Démêler les fils de la fiction et de la réalité… ou pas !
Au début, j’ai été un peu troublée que l’auteur ne vienne
pas me dire le vrai du faux, ne me dise pas si les personnages
étaient bien ceux du vrai Super Mama Djombo ou pas… Pourtant, je n’aime
pas toujours quand l’auteur s’immisce dans son histoire pour
expliquer quelle fut sa démarche d’écriture, etc. Je trouve ça un peu narcissique
et moi ça me fait sortir d’un vaste monde fabuleux pour pénétrer dans une toute
petite chambre. En fait, la clef m’a été donnée à la fin du livre, sur la page
des remerciements, alors je vous conseille de commencer par là si c’est une
question qui pourrait vous tarauder vous aussi. Un détail…

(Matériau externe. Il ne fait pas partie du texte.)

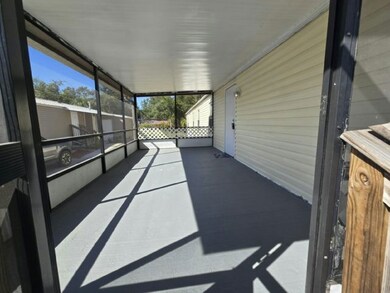 8750 Symmes Rd unit 132, Gibsonton, FL 33534 - photo 5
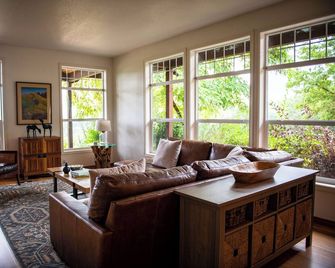 Stoneycrest Cottage at Durant - Dayton - Sala de estar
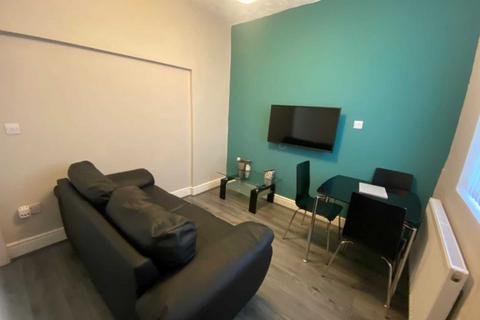 3 bedroom house share to rent - Cambria Street, Liverpool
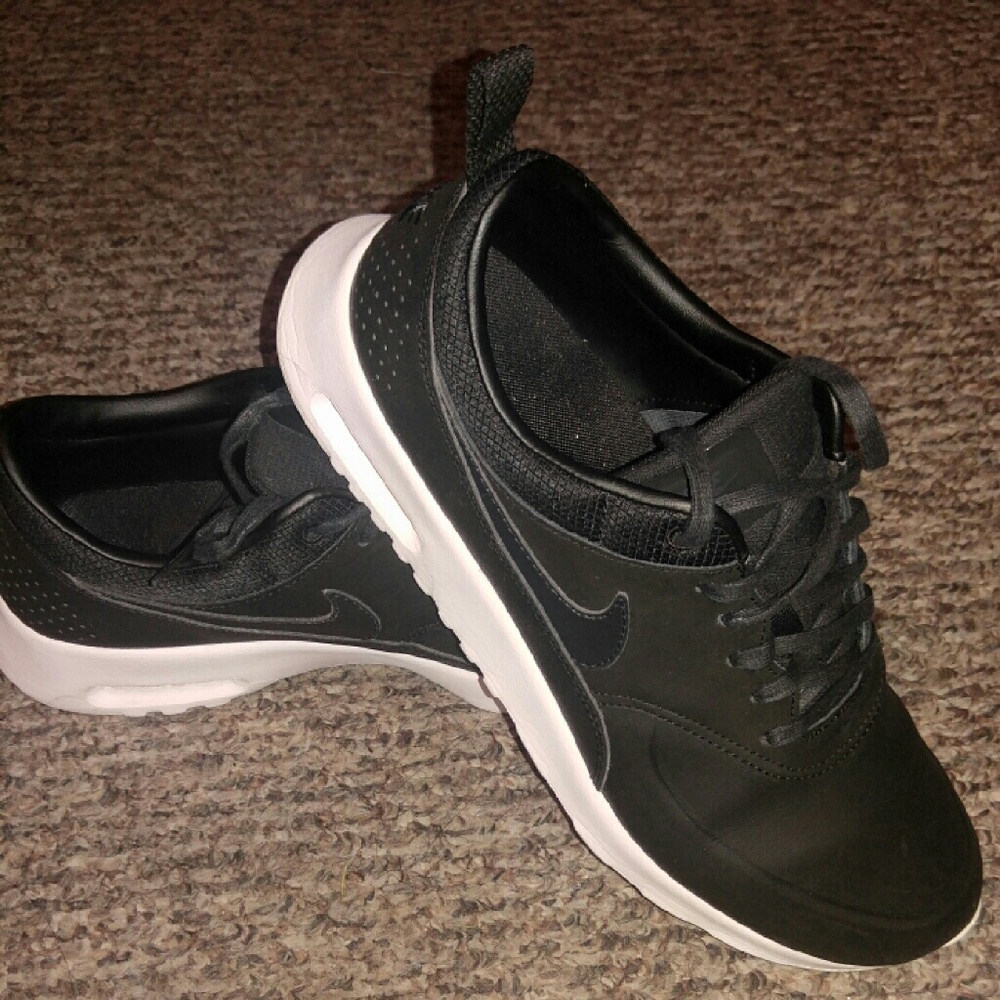NIKE AIR MAX THEA PREMIUM- WOMEN'S 9.5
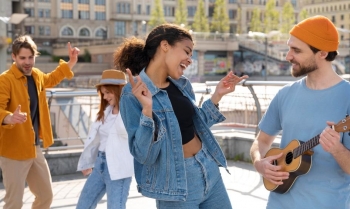 Kënga bashkon njerëzit dhe përmirëson shëndetin: nga truri te zemra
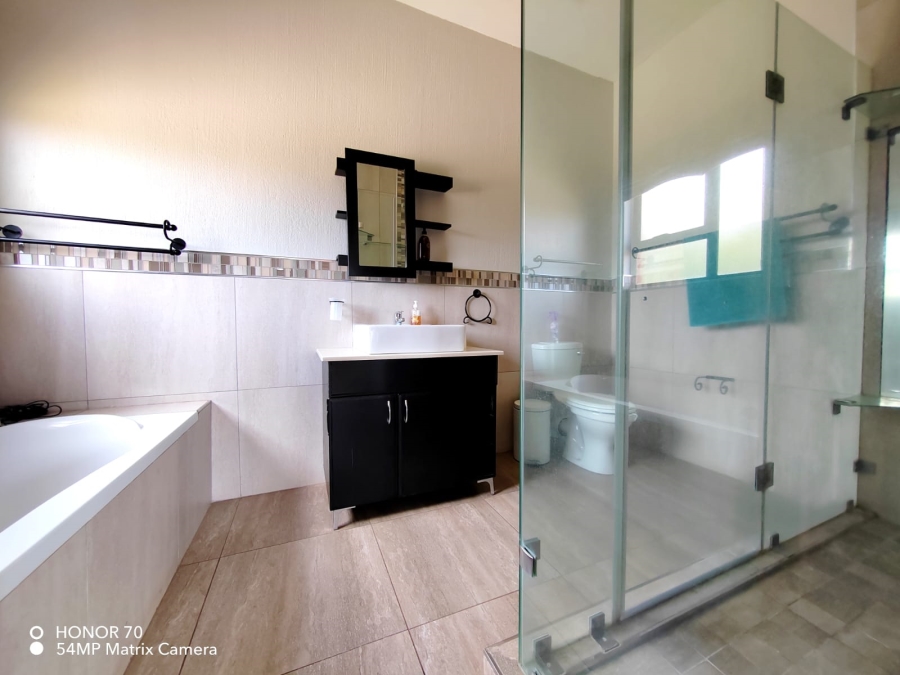 3 Bedroom Property for Sale in Hartebeesfontien AH North West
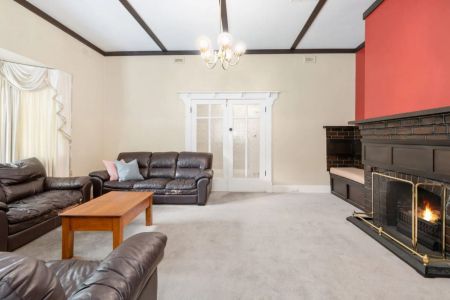 Brilliantly Located! An Idyllic Lifestyle Awaits! - Photo 2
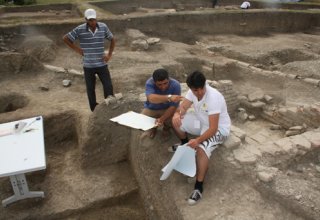 В Азербайджане обнаружено захоронение в форме лабиринта, относящееся к эпохе бронзы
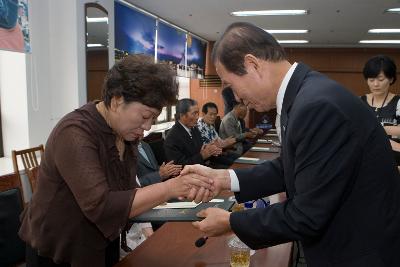 보훈 유공자에게 상장과 상품을 주며 악수를 하고 계신 시장님4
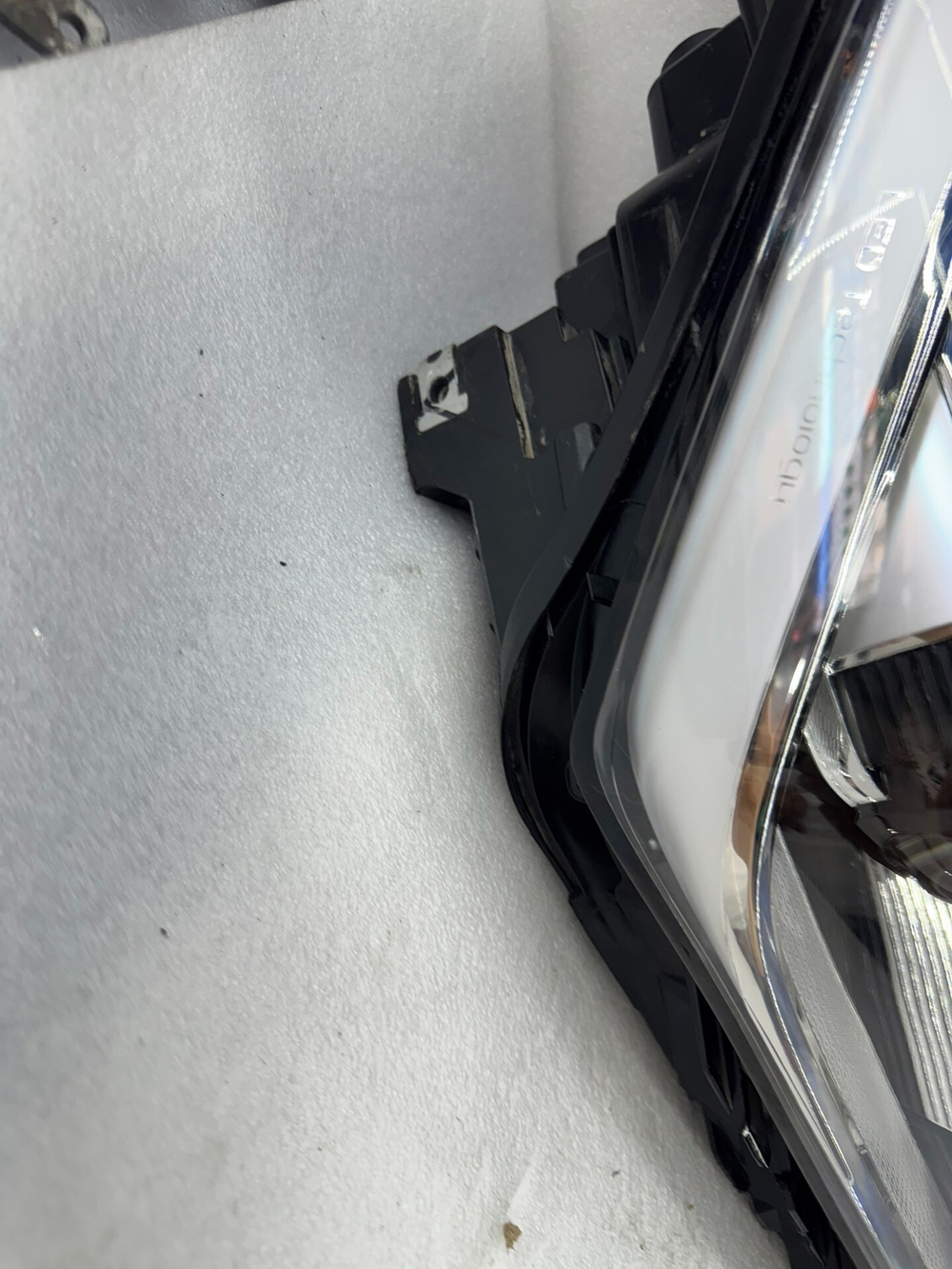 Блок фары светодиодный BYD Qin Plus оригинал бу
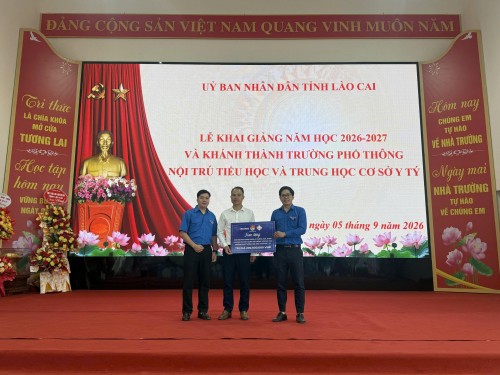 ĐOÀN THANH NIÊN VIỆN NCTK TRƯỜNG HỌC HỖ TRỢ TRAO TẶNG NỀN TẢNG GIẢ LẬP OPEN STEM LMS CHO HỌC SINH, GIÁO VIÊN VÙNG CAO Y TÝ – LÀO CAI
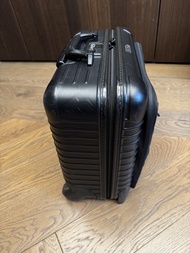 Rimowa Essential Lite Cabin S Black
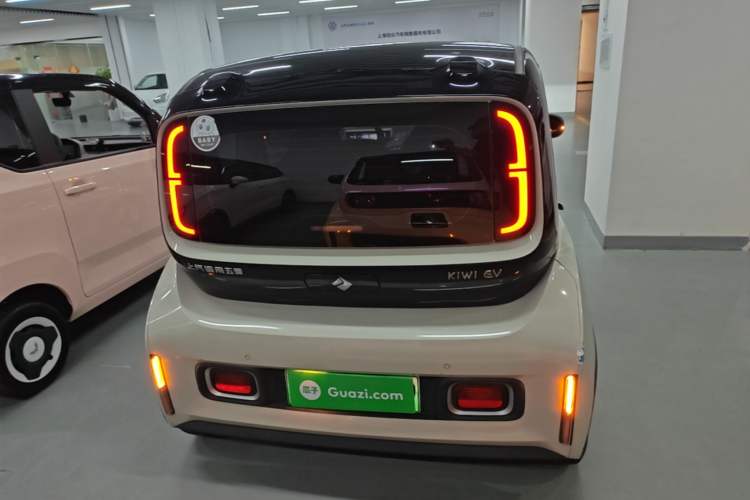 Used Baojun KiWi EV 2021 Artist Model Ternary Lithium Rear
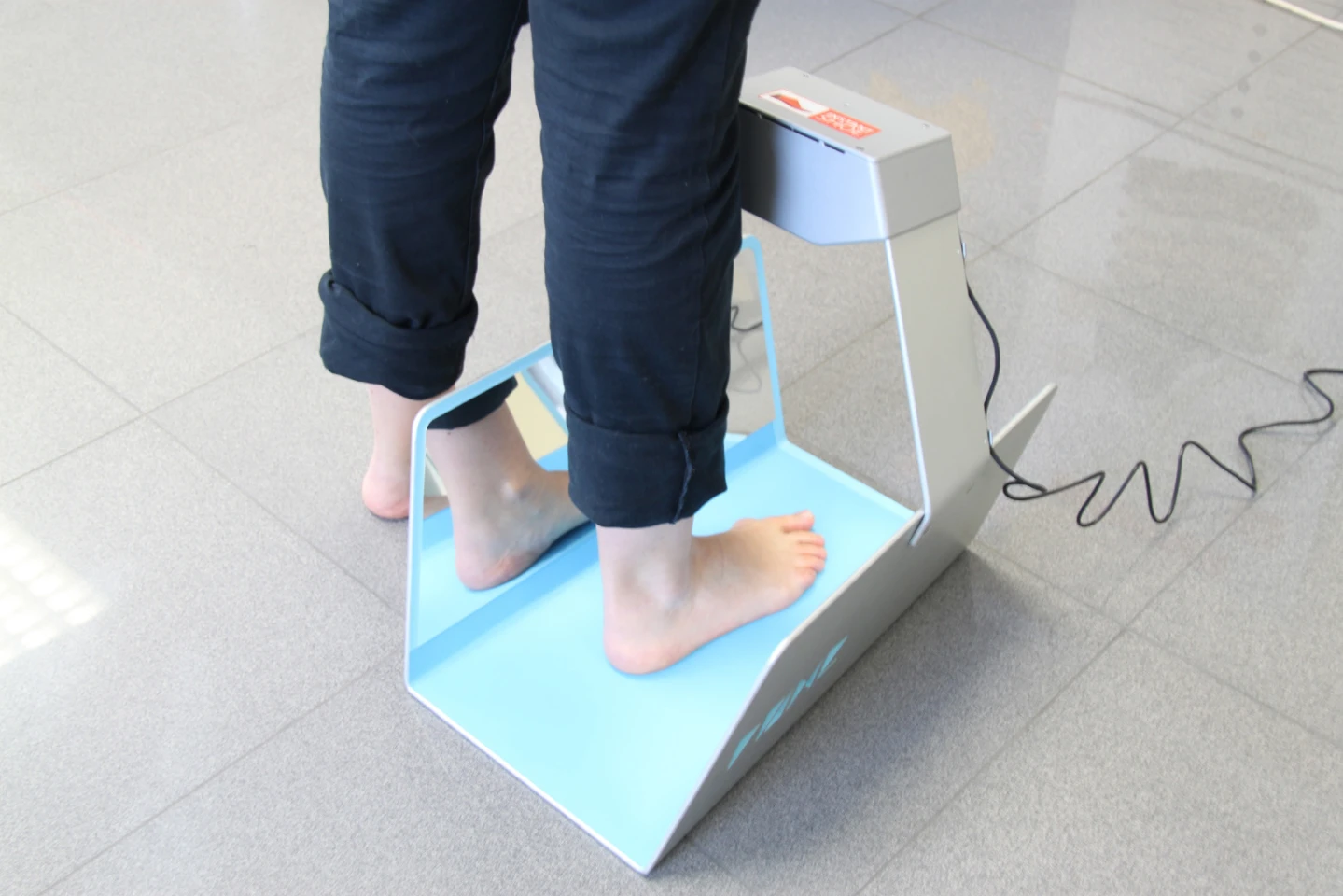 The ShopInstantShoe foot-scanning device, the DOME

La terre bien aimée, l’État détesté
Sylvain Prudhomme connaît bien l’Afrique : il fait parler
ses personnages en créole, dépeint admirablement les paysages vibrants et
scintillants de la nuit africaine, et pour qui est un peu sensible au spectacle
de la nature, c’est un enchantement de lire dans ses mots la luxuriance de la
végétation locale, on s’y croirait... Mais l’attachement de l’auteur au
pays ne l’empêche pas de poser un regard critique sur la vie politique
guinéenne et de nous expliquer que les mêmes qui ont libéré le pays du
joug du Portugal (colon depuis 1879) sont devenus les « bouffeurs »,
ceux qui se sucrent sur le dos du peuple et qui pactisent avec les
narcotrafiquants. Et en arrière-plan de cette relation
d’amour-répulsion qu'éprouve Couto pour son pays, se dessine le
dilemme de l’exil, choisi par le personnage très touchant de Malam, parti vivre
en Belgique. L’exil, l’expatriation, l’émigration… Questions éminemment
contemporaines et littéraires que l’auteur aborde avec tant d’intelligence (le
passage de la réflexion de Malam sur un éventuel retour est celui que j’ai
préféré, je crois, tant il dépeint avec humanité les brèches qui peuvent
s’ouvrir sous les pieds de l’exilé). En résumé, ce roman qui embrasse tant de
sujets concomitants est en quelque sorte un instantané de la Guinée Bissau,
et un grand bonheur de lecture.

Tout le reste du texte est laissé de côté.